Europees parlementslid Bart Staes (Groen): “De EU importeert 80 procent van haar cacao uit West -Afrika, waar ook 70 procent van de wereldwijde productie van cacao vandaan komt. De EU heeft de grootste chocolade industrie ter wereld, en moet daarom haar verantwoordelijkheid nemen om die industrie zo sociaal en duurzaam mogelijk te maken. Dat gebeurt nu onvoldoende.”

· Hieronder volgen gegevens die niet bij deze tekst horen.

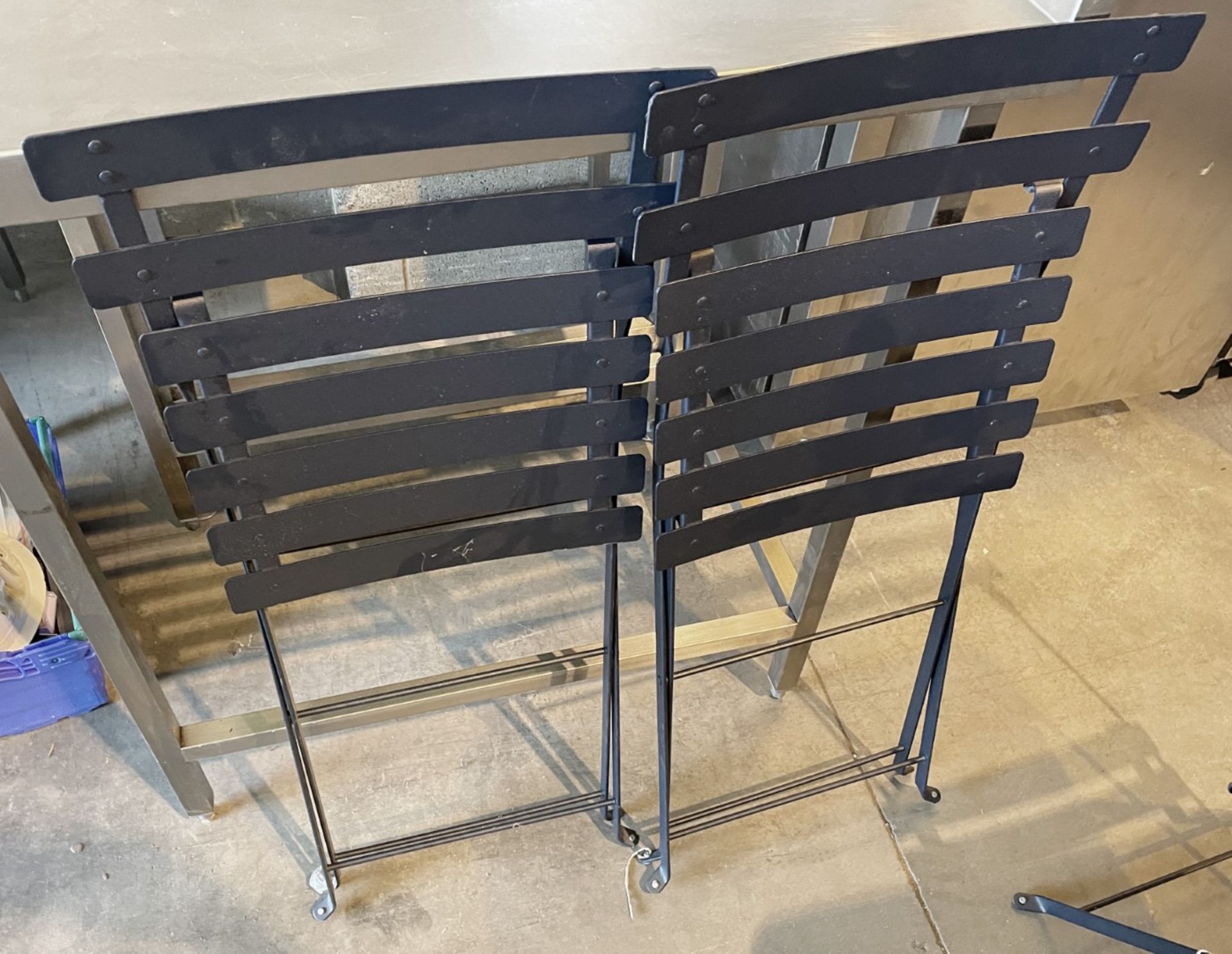 2 x Navy Metal Tables & 4 Matching Folding Chairs - Table Approx 71x71Cm - Image 8 of 8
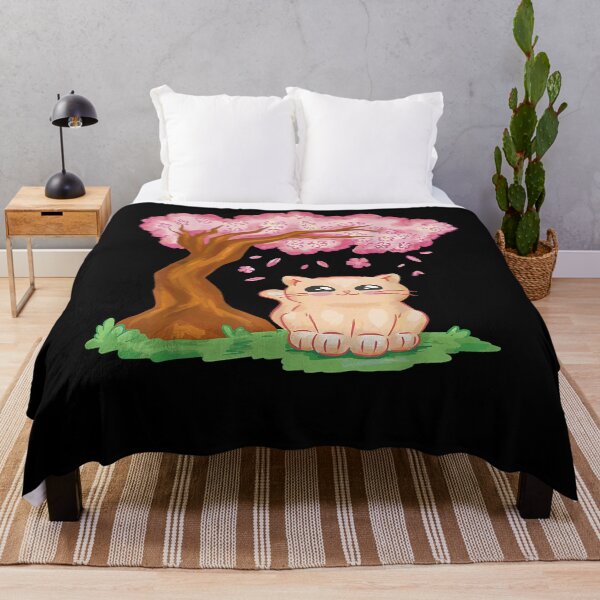 Item preview, Japanese Cherry Blossom Sakura Cute Cat Kawaii Anime T-Shirt designed and sold by MoniqueLacey23.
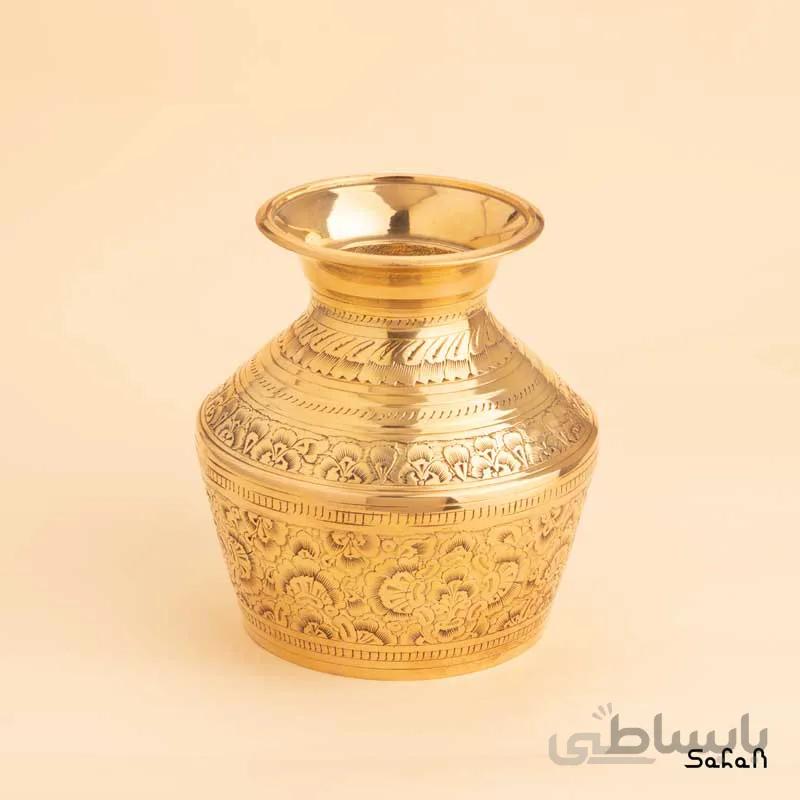 گلدان برنجی قلمزنی طلایی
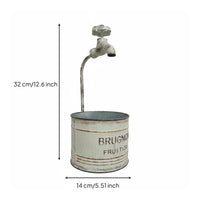 Faucet-Top Planter Weathered Vintage Iron Planter Indoor Outdoor Use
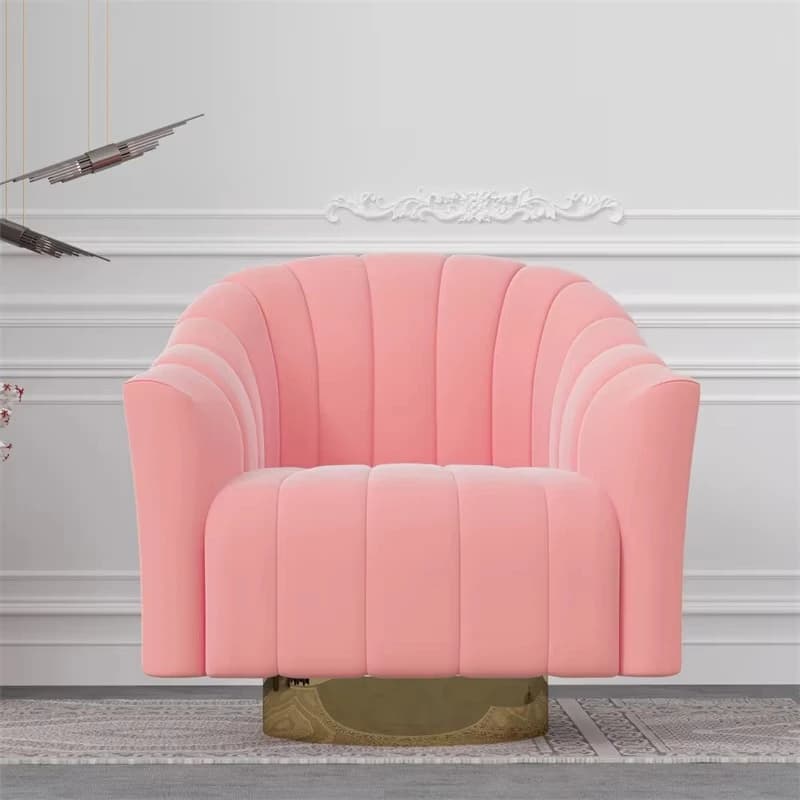 Inventory American Modern Armchair Tufted Seat Velvet Pink Accent Sofa Living Room Chair Swivel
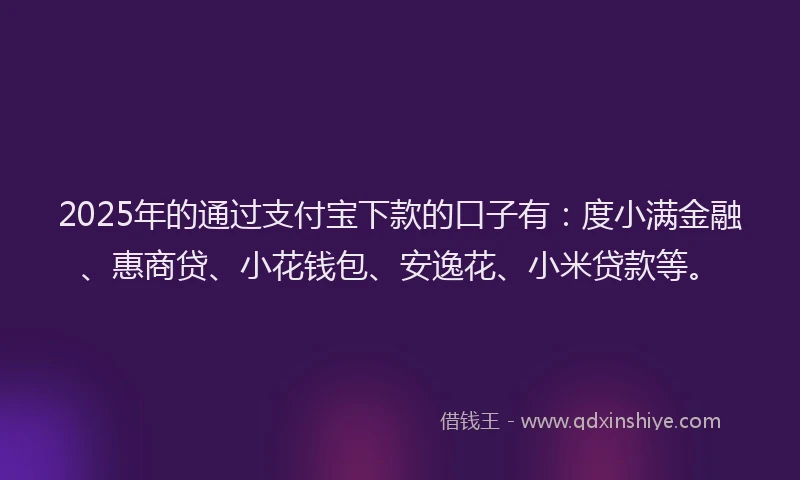 2025年的通过支付宝下款的口子有：度小满金融、惠商贷、小花钱包、安逸花、小米贷款等。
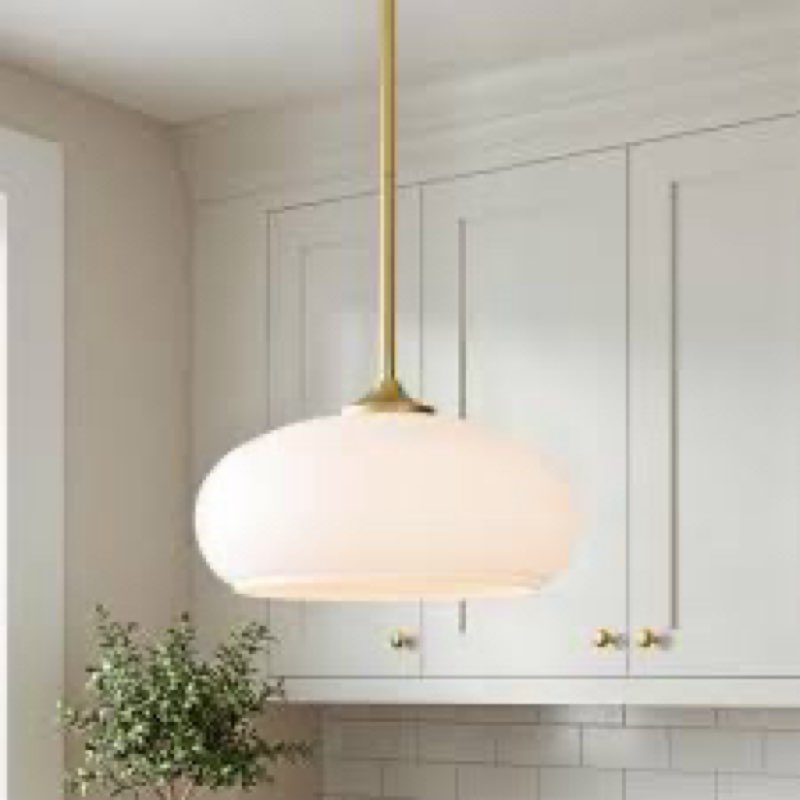 Tawson Juno Modern 1-Light Pendant Ceiling Light Fixture with Etched Opal Glass Shade for Kitchen Is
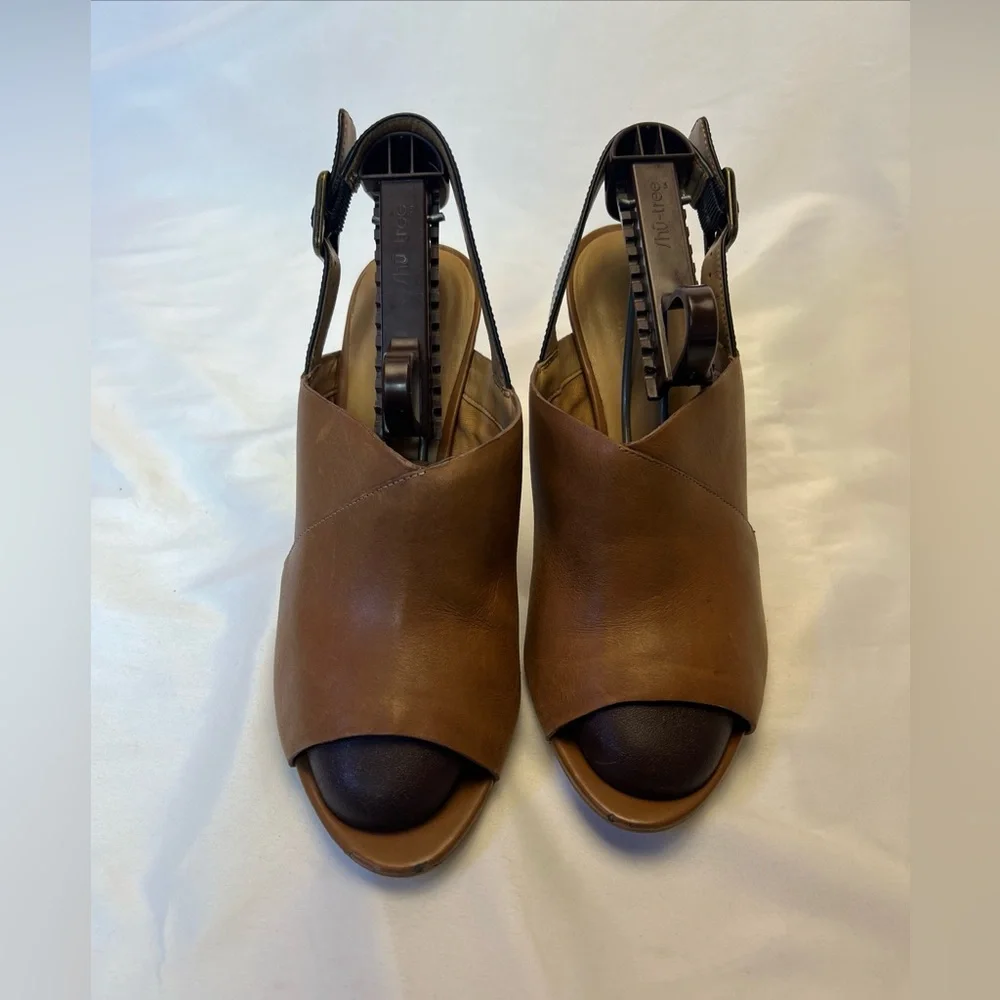 Franco Sarto Heels Women 9.5 M Quatrain Brown Leather Peep Toe Black Slingback - Picture 7 of 9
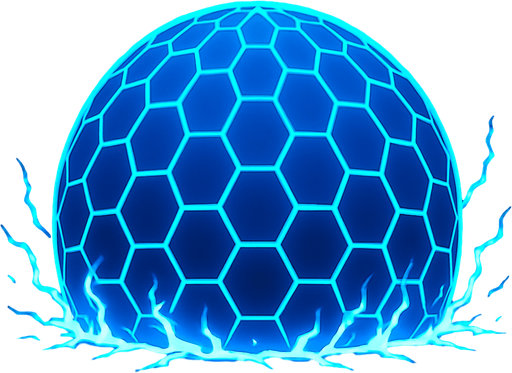 Электромагнитный щит в виде купола.
In-Game asset.  2d.  High contrast.  No shadows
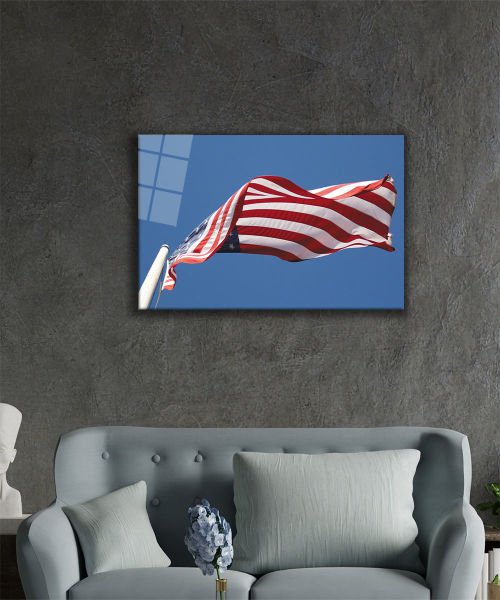 Dalgalanan Amerika Bayrağı Cam Tablo  4mm Dayanıklı Temperli Cam, Waving American Flag Glass Wall Art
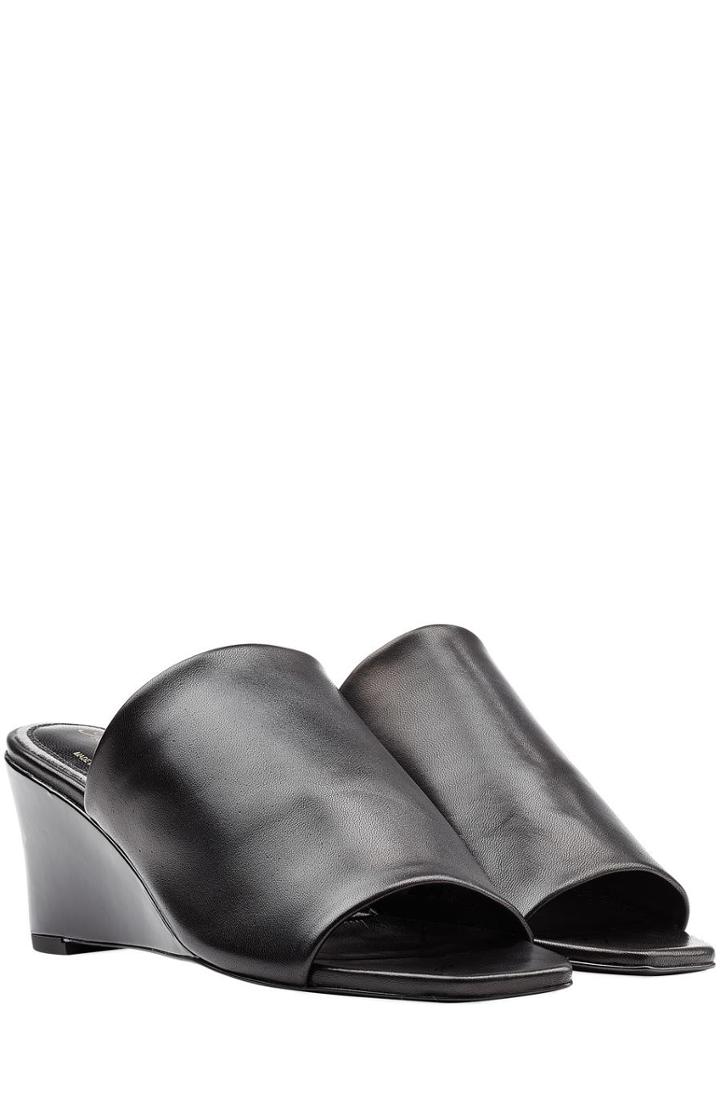 Robert Clergerie Pauline Leather Wedge Mules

De productie van cacao gebeurt grotendeels door kleine boeren, vooral in de West-Afrikaanse landen Ivoorkust en Ghana. Zij zijn goed voor 70% van de wereldwijde productie. Een derde van de bevolking is afhankelijk van de inkomsten uit cacao. Toch oogsten Ghana en Ivoorkust maar zoÃ??n 30% van de potentiële cacaoproductie door een gebrek aan kennis. Ook is er geen geld voor betere arbeidsomstandigheden en milieuvriendelijke technieken.

Staes: “We weten uit talloze rapporten dat er immense problemen zijn met kinderarbeid. De EU heeft de grootste chocolade industrie ter wereld en we dragen dus een verantwoordelijkheid en we moeten die opnemen. Het is daarom goed dat het EP veel aandacht geeft aan kinderarbeid in de cacao industrie. Er bestaan twee wegen om kinderarbeid te bestrijden: betere afspraken en samenwerking tussen alle actoren van de cacao keten (producenten, vakbonden, consumenten, overheden, ngo’s), een betere uitwisseling van know how en het garanderen van een distributieketen met cacao waar geen kinderarbeid aan te pas komt.”

Maar er is ook een tweede weg en die werd helaas niet vermeld in de resolutie van het EP. Dat is zorgen voor hogere en faire prijzen voor cacao. De Internationale cacao-overeenkomst zou de middelen moeten hebben om de markt te sturen en de prijzen positief te beïnvloeden.

Staes: “Dat beleid is er nu niet en is nochtans essentieel, want lage prijzen zorgen voor armoede. Armoede zorgt voor kinderarbeid. Dus alleen behoorlijke prijzen voor producenten, zorgen voor een structurele uitweg uit het probleem.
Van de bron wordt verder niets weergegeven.